This article is based on a talk given at the August 24 “Eco-Socialism Conference: For the Planet to Live, Capitalism must End,” hosted and organized by the Albuquerque branch of the PSL.

Anyone concerned with climate change and the ecological crisis we face has to be concerned with the United States military for several reasons.

The most obvious reason is that the U.S. military’s carbon footprint is gigantic. If the U.S. military was a country, it would be a bigger greenhouse gas emitter than 140 other countries, and there’s only 195 countries in the world!

This should not come as a surprise. It takes a lot of oil and gas to keep the U.S. empire’s 800 military bases running, not to mention their navy and air fleets which are scattered across the globe. In 2017 alone, the military purchased 260,000 barrels of oil per day. Just one of its jets uses about 3,334 gallons per hour, about what the average car driver uses in seven years.

On top of that, U.S. military bases—both foreign and domestic–are among the most polluted places in the world. Jet and rocket fuel frequently contaminate sources of drinking water and aquifers, like right here in Albuquerque, NM. All three military bases in New Mexico have contaminated the water in nearby areas, and all three have refused to correct the problems. The U.S. Navy recently dumped 94,000 gallons of hazardous fuel into a Virginia waterway that empties straight into the Atlantic Ocean.

Retired congressperson John Dingell recently stated that, “almost every military base in the U.S. is contaminated.” In fact, the military has 39,000 contaminated sites on over 19 million acres of land in the United States alone! Nine hundred of those sites are designated by the Environmental Protection Agency as Superfund sites. And we haven’t even begun talking about the bases outside of the United States.

The Department of Defense produces more hazardous waste than the five largest U.S. chemical companies combined.

The United States has conducted more nuclear tests than all other countries in the world combined. These tests have made parts of the planet almost uninhabitable, like parts of the Marshall Islands.

What is worse than the U.S. empires far flung bases are their actual wars. From the so-called Indian Wars to the genocidal war against Iraq, the U.S. military leaves a path of destruction that endures for generations, from the annihilation of native ecosystems and agricultural systems to the physical liquidation of millions of human beings.

It is abundantly clear that the U.S. military is the most destructive force, militarily and environmentally, in the world.

While the U.S. military is the single largest organizational consumer of hydrocarbons in the world, recently it has been running around boasting about “greening” some of its operations. No one should be fooled by this. We know that the answer isn’t a green capitalist war machine. The answer is no capitalist war machine!

To understand why a green war machine is not part of a response to climate change, we have to understand what the ruling class mobilizes the military for in the first place.

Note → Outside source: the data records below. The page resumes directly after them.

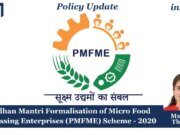 Pradhan Mantri Formalisation Of Micro Food Processing Enterprises (PMFME) Scheme – 2020 – IMPRI Impact And Policy Research Institute PMFME: Formalisation of micro food processing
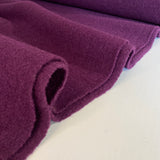 Boiled Wool Fabric - Aubergine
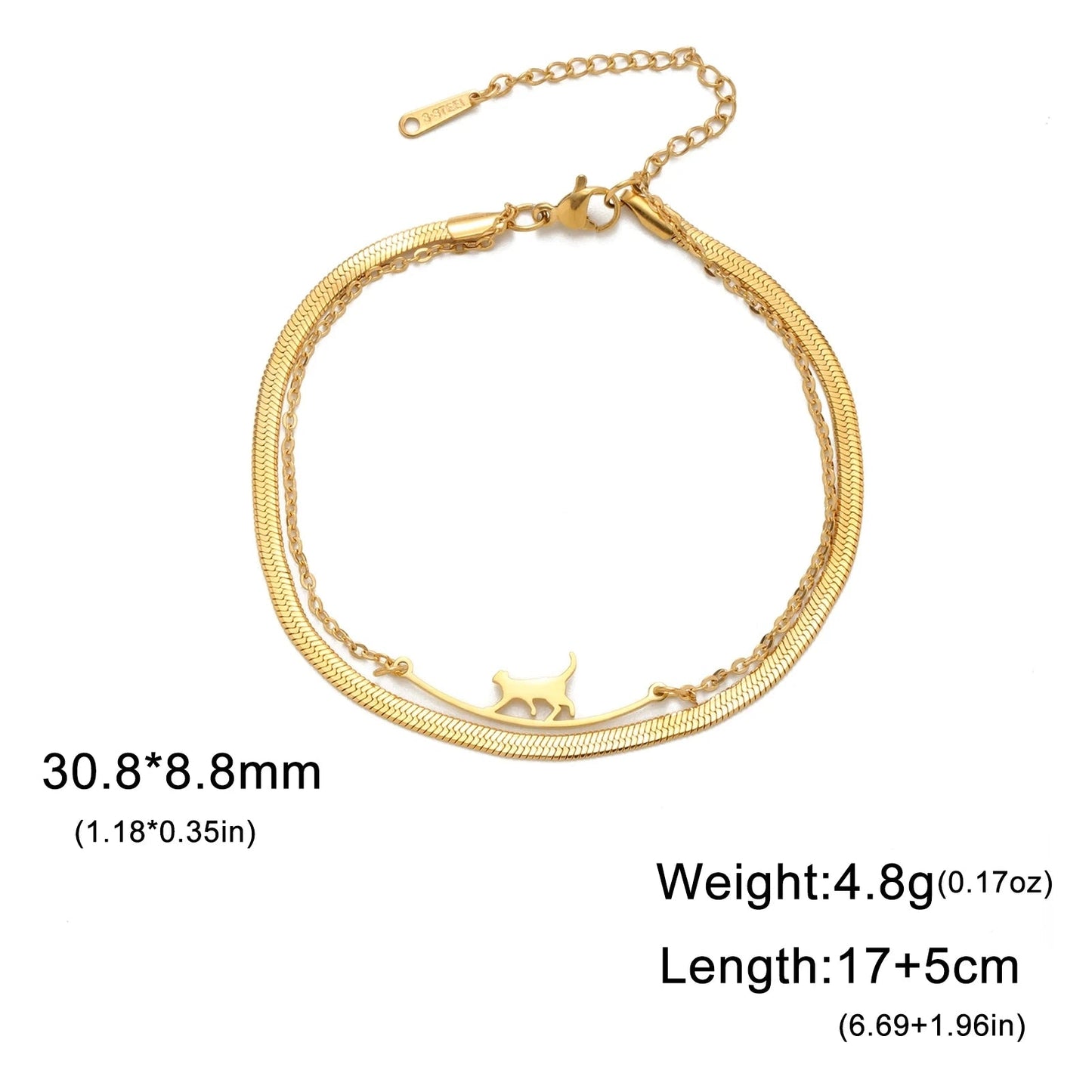 Kitty Walk Bracelet - Always Whiskered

The U.S. Army, Air Force, Navy and Marine Corps are deployed for one reason and one reason alone: to threaten, bully and punish any state or movement that exercises too much independence and dares to stand in the way of corporate profits. The military is the fist that allows the global system of capitalism to keep going. In other words, the military’s function is to preserve the system of accumulation and exploitation that is destroying the planet. Greening it won’t change it’s function.

If the effects of climate change are not reversed, it will lead to greater instability, which will bring a militarized response from the ruling elites. They are building walls around the United States to keep the global masses out. They are arming themselves to the teeth to preserve the United States at the center of global power in scenarios of global climate crisis. The military budget annually is now almost $1 trillion. A new scramble to dominate and exploit the resources opened up by receding ice and permafrost is now underway.

This preparation for conflict is giving rise to a new arms race. The U.S. is withdrawing from all Cold War era weapons treaties. They are upgrading their nuclear stockpile and weaponizing space. This is very serious.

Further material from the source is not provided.